8. Fox Reporter: Global Warming Advocates "Never" Cite A "Consensus Of Scientists." On Fox News, Fox Business reporter Sandra Smith said that the problem with global warming activists is that they always cite "one scientist, it's never a collection of scientists, it's never a consensus of scientists." After Fox News contributor Adam Lashinksy corrected her, Smith responded, "Adam, just so you know, the consensus has not been met among scientists on this issue. Or that CO2 actually plays a part in this global warming phenomenon as they've come up with somehow." In fact, survey after survey has shown that the vast majority of climate scientists agree that greenhouse gas emissions are causing climate change, while those trying to downplay global warming often resort to citing a single scientist if any. But Smith thought that she had hit on a good point during that December 1 appearance, and repeated it on a later Fox News show, saying "still to this day, there is not a consensus among scientists. If you ever hear the President or his administration, they typically cite a scientist when they're making a point, rather than a consensus of scientists."

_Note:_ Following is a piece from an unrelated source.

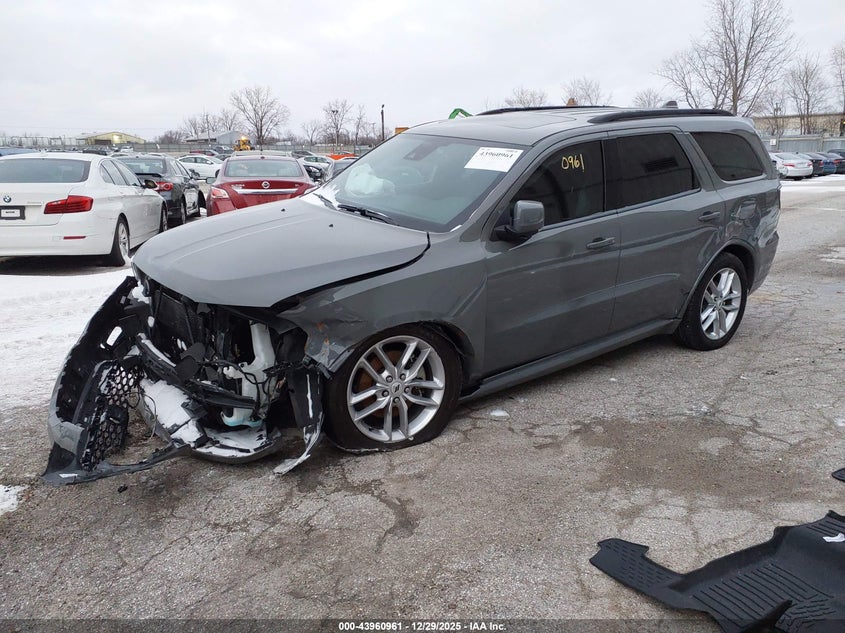 2022 Dodge Durango Gt Plus Awd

9. Fox Website: "Global Warming Means More Arctic Ice." In October, the Associated Press reported that, contrary to conservative media misinformation, slight Antarctic sea ice growth is consistent with climate scientists' projections for a warming planet. Fox Nation posted the story with the headline "AP: Global Warming Means More Arctic Ice." In fact, Arctic sea ice had just experienced the lowest minimum extent ever observed, a key indicator of rapid climate change.
10. Fox Declares "Global Warming Over" Based On A Tabloid Report. In October, Fox & Friends featured on-screen text declaring "Global Warming Over" based on a report by the UK tabloid The Daily Mail. But the UK's official Meteorological Office said that the article was "misleading" because it focused on a short period, obscuring that 2000 to 2009 was the warmest decade on record.